(Scraped caption text data)
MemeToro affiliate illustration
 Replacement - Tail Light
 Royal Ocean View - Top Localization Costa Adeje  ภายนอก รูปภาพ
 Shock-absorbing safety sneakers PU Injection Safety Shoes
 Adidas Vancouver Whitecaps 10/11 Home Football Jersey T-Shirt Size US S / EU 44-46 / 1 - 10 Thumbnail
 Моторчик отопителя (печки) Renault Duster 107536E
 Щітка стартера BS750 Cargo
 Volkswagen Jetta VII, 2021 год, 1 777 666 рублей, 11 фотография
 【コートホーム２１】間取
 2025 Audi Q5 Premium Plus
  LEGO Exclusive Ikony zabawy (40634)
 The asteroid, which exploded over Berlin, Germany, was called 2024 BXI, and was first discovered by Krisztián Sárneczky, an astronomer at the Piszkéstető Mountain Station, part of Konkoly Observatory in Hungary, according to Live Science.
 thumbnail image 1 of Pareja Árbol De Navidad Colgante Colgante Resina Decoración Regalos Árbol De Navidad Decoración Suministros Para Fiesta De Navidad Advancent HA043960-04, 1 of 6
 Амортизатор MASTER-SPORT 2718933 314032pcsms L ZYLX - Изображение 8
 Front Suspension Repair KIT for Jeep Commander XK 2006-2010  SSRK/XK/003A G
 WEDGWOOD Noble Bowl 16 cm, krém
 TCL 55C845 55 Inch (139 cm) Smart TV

- [REQUIRED WORK]:
Beginning with the line that contains "thumbnail image 1" and ending with the last line of the data above, return those lines exactly and nothing else.

- [ANSWER TO THIS PROBLEM]:
 thumbnail image 1 of Pareja Árbol De Navidad Colgante Colgante Resina Decoración Regalos Árbol De Navidad Decoración Suministros Para Fiesta De Navidad Advancent HA043960-04, 1 of 6
 Амортизатор MASTER-SPORT 2718933 314032pcsms L ZYLX - Изображение 8
 Front Suspension Repair KIT for Jeep Commander XK 2006-2010  SSRK/XK/003A G
 WEDGWOOD Noble Bowl 16 cm, krém
 TCL 55C845 55 Inch (139 cm) Smart TV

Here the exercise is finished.